Currently, the reimbursement for virtual visits is the same as in-person care, creating an incentive for providers to use lower cost / higher volume virtual care. While a potential benefit of this modality has been lower cost on part of the health care provider, preliminary research has shown that this is only benefiting completely digital health centers. Traditional in-person health centers that have been working to incorporate an option for virtual care are not saving money as their unused exam rooms and supplies are essentially fixed costs. Thus, there is little offset for the additional costs of telehealth technology such as videoconference equipment and application subscription fees. The pandemic also mandated temporary legislation which enabled telehealth to be adopted quickly, but as these statutes are now reaching expiration, the cracks in our current hastily built model are beginning to show.

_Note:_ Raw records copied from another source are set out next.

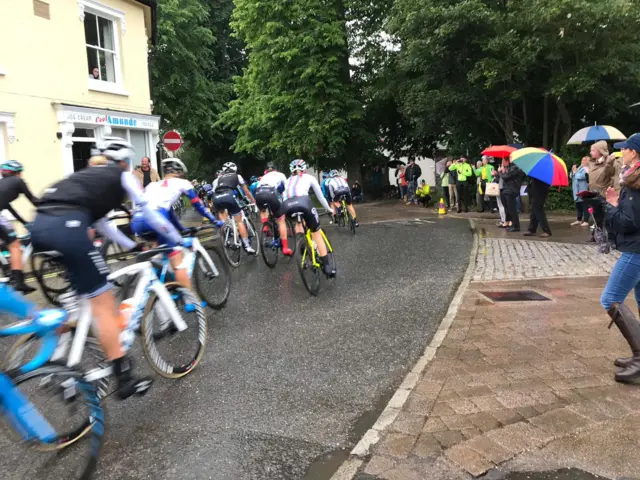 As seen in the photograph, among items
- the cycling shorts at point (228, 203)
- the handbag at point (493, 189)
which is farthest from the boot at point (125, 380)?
the handbag at point (493, 189)

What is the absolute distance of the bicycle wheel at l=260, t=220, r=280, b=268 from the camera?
933cm

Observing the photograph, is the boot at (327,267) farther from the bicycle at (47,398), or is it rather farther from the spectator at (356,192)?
the spectator at (356,192)

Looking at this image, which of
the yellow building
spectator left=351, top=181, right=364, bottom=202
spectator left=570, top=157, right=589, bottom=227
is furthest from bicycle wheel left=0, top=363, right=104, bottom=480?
spectator left=351, top=181, right=364, bottom=202

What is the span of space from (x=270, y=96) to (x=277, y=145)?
90.0 inches

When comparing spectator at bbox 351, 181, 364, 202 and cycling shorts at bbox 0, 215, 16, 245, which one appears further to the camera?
spectator at bbox 351, 181, 364, 202

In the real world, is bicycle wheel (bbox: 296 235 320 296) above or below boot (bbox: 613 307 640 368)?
above

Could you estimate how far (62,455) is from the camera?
3297 mm

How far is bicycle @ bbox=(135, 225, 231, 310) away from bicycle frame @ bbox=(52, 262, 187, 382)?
48.6 inches

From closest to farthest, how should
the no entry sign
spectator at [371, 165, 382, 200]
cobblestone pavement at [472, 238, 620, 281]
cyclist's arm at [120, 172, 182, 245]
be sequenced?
cyclist's arm at [120, 172, 182, 245], cobblestone pavement at [472, 238, 620, 281], the no entry sign, spectator at [371, 165, 382, 200]

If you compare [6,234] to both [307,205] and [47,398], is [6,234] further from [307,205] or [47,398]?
[47,398]

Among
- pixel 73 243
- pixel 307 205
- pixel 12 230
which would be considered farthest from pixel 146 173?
pixel 73 243

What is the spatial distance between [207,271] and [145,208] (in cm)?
201

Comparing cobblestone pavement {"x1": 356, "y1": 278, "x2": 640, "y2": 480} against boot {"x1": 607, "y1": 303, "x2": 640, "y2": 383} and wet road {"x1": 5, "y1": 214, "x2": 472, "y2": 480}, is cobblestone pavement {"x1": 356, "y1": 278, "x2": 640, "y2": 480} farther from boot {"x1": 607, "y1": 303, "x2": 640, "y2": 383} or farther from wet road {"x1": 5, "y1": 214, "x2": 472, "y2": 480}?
wet road {"x1": 5, "y1": 214, "x2": 472, "y2": 480}

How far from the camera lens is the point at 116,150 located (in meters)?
4.06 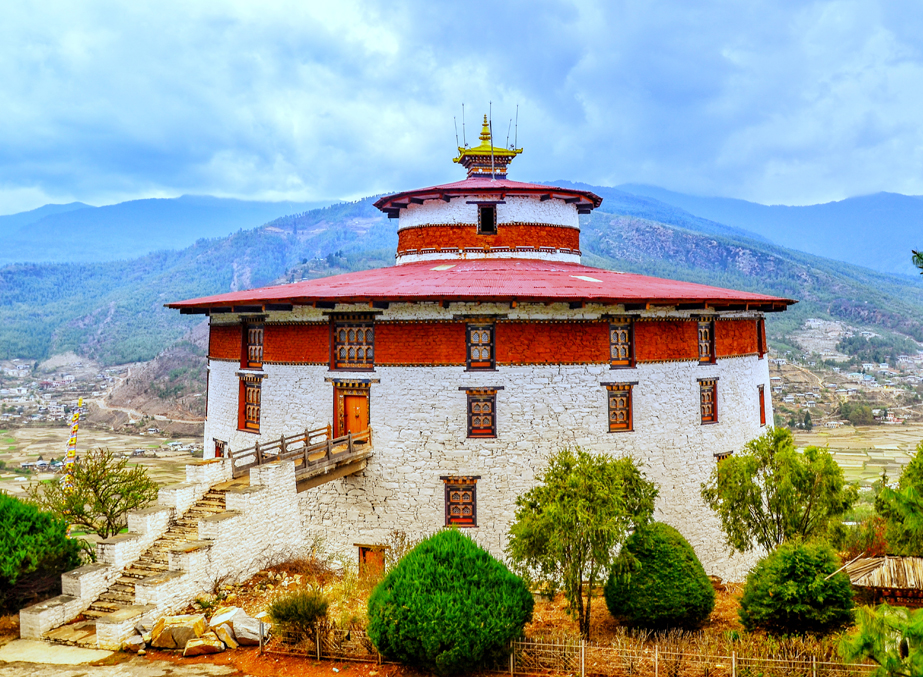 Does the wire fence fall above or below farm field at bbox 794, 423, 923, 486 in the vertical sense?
below

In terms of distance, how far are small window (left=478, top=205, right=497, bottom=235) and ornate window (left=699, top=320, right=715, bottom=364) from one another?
8.08 meters

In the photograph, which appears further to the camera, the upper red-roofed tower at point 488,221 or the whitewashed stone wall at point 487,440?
the upper red-roofed tower at point 488,221

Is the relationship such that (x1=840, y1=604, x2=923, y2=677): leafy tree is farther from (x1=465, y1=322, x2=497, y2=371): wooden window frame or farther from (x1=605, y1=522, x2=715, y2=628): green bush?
(x1=465, y1=322, x2=497, y2=371): wooden window frame

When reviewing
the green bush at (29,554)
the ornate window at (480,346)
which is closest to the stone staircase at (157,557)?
the green bush at (29,554)

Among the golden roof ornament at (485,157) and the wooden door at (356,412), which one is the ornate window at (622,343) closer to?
the wooden door at (356,412)

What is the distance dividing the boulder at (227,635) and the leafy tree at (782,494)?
435 inches

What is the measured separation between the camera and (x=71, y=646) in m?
14.1

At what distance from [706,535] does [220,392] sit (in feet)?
52.6

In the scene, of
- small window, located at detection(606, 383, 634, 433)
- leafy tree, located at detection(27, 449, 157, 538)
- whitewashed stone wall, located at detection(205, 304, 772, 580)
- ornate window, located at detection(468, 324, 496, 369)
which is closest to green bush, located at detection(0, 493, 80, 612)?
leafy tree, located at detection(27, 449, 157, 538)

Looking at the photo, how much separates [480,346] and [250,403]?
7993 millimetres

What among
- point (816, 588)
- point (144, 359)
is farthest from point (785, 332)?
point (816, 588)

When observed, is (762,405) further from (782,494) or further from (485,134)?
(485,134)

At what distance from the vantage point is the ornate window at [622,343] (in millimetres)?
20484

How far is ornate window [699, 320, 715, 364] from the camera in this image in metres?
22.2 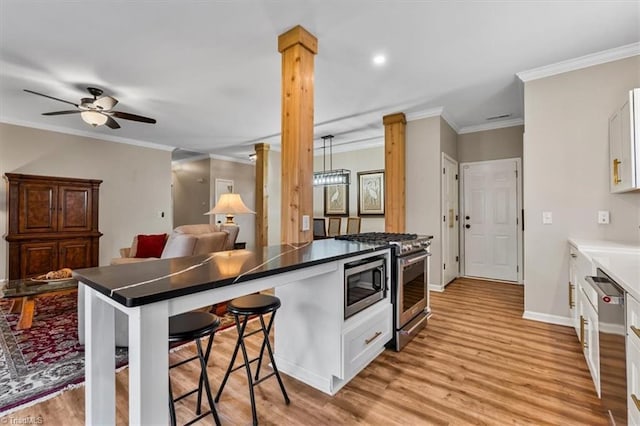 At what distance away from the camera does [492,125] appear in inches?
195

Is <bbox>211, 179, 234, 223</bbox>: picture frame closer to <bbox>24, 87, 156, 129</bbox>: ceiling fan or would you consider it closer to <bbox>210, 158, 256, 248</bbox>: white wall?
<bbox>210, 158, 256, 248</bbox>: white wall

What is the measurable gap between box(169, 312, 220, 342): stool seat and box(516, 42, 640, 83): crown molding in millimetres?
3843

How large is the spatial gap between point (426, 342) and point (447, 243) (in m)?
2.37

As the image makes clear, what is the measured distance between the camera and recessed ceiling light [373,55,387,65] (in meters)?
2.96

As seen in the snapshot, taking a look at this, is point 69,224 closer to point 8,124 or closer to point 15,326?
point 8,124

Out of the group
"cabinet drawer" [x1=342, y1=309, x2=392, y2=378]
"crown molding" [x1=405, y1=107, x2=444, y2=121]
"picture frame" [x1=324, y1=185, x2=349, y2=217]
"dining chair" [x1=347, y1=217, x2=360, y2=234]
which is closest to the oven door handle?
"cabinet drawer" [x1=342, y1=309, x2=392, y2=378]

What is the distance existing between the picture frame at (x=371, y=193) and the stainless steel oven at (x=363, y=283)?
4.04 m

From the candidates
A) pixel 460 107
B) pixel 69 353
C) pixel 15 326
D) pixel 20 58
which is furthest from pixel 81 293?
pixel 460 107

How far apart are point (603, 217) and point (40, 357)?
→ 16.7 ft

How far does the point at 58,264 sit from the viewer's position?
4895 mm

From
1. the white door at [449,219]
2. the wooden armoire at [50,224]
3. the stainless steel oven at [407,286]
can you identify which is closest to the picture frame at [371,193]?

When the country was in a public health emergency, every state waived some of their state licensure so that it was easier for their residents to access telehealth care. There are multiple reasons for why a patient would desire care from out of their state (e.g., travel emergencies, lack of availability of a required specialty in their area, or the desire to obtain care from a specific provider). As of August 2022, only 14 states have licensure flexibilities still in place. This means it is becoming more difficult for patients across the country to access the telehealth care they may have become accustomed to during the pandemic.
In addition to licensure flexibilities, the public health emergency had an impact on the HIPAA component of virtual care with how audio-only visits comply with HIPAA regulations. During the pandemic, audio-only telehealth was essential for providing care to populations that did not have access to internet for video calls or were reluctant to adapt to the use of video for their visits. Since the public health emergency has been extended to October 2022 the requirements for HIPPA requirements have not been formally established. The U.S. HHS Agency has provided guidelines to providers on ensuring compliance with HIPAA during these calls, but most of the responsibility falls on the covered entities to adhere. If this tool is going to be used to address the areas of the country that rely on audio-only care then more permanent provisions to protect the patient must be put in place.
I recently analyzed the service areas where telehealth was offered versus the types of service for which patients were willing to utilize telehealth. The findings indicated that although there are areas where providers and patients are aligned (e.g. for mental health services), chronic disease care and follow-up visits do not yet have a consensus between patients and providers.
In addition to understanding the desires of both parties involved it is important to ensure the infrastructure will allow for successful implementation. For health organizations to properly utilize this modality, more research must be done so that the money invested into implementing these measures is being used properly. It is vital to give this area the attention it deserves as there is potential for telehealth to revolutionize the healthcare system in America. As with many rapidly changing technologies, waiting too long to enact a set of standards could lead to competing mechanisms that make regulation and oversight difficult; wasted investments on the part of providers; and less-than-optimal outcome for patients.